Coke Made Straight From Your Kitchen


Ryan Gill

Bottled soda sales are down, and they have been for a decade now.  Coca-Cola, Co. is answering by entering a new market.  Countertop soda makers have been around for a while now but the market is still in its growth phase.  Today Coke agreed to the purchase of 10% share in the company Green Mountain Roasters, Inc., makers of the Keurig, for $1.25 billion.  Coke plans to partner with them in the release of a countertop Coca-Cola maker.

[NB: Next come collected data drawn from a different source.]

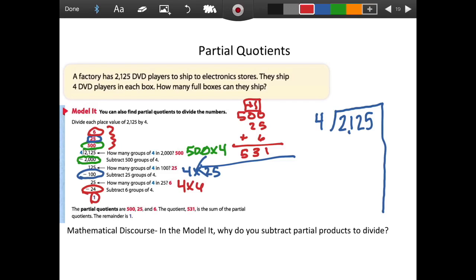For mathematical discourse, let's think about this: in the model, why do you subtract the partial products to divide? I think we subtract because we are packing those DVD players away. I'm pulling those groups out, so I need to separate them from my total. Remember, I packed 500 boxes with 4 DVD players — those boxes are packed, so I take that away. That's why you subtract partial quotients to divide.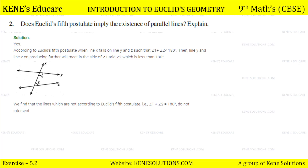We find that the lines which are not according to Euclid's fifth postulate — that is, where angle one plus angle two is equal to 180 degrees — do not intersect, implying the existence of parallel lines.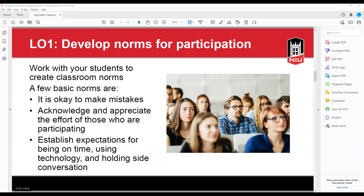The first learning objective is to develop norms for participation. One thing to consider is co-creating or co-generating norms and guidelines for class participation with your students. This allows students to take part in establishing the type of participation they wish to have in the classroom. It also makes it easier to reinforce the norms, because when something happens you can remind students that they created and agreed to these classroom policies.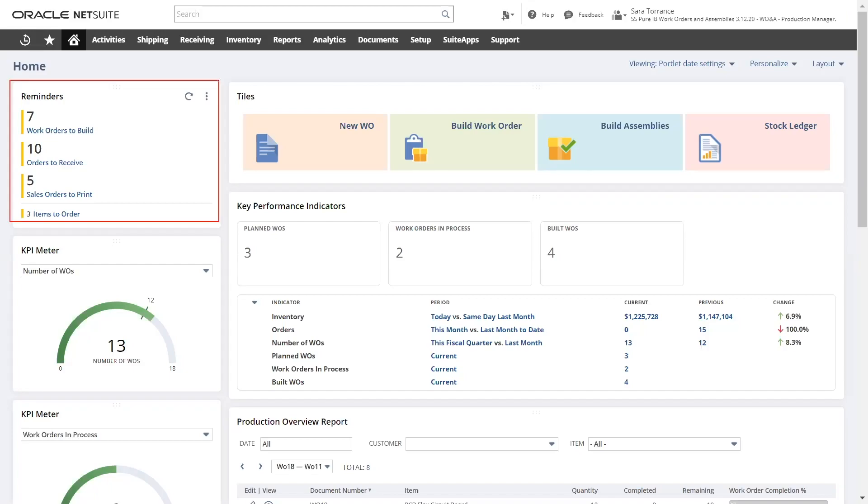Reminders identify actions that I need to take, specific to my role. Reminders can act as a list of important action items. In this case, I can see there are work orders that need to be built.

Though the current market for homemade soda machines is still small, SodaStream International, Ltd. currently controls the market.  The news of this acquisition was marked with concern to investors in SodaStream’s stock as it fell seven percent in after hours trading.  For Coke, the market is ripe for the picking.  SodaStream’s control of the market is far from stable and Coke will be the first soft drink giant to enter.  It is likely that the combined positive brand reputations of Coke and Keurig will overtake SodaStream.  As the countertop soda machine market leaves the growth stage of its life cycle and enters maturity we will likely see other competitors enter to challenge Coke for market share.  Currently, this added convenience of in-home produced soft drinks will likely give Coke a competitive advantage against soda competitors such as PepsiCo.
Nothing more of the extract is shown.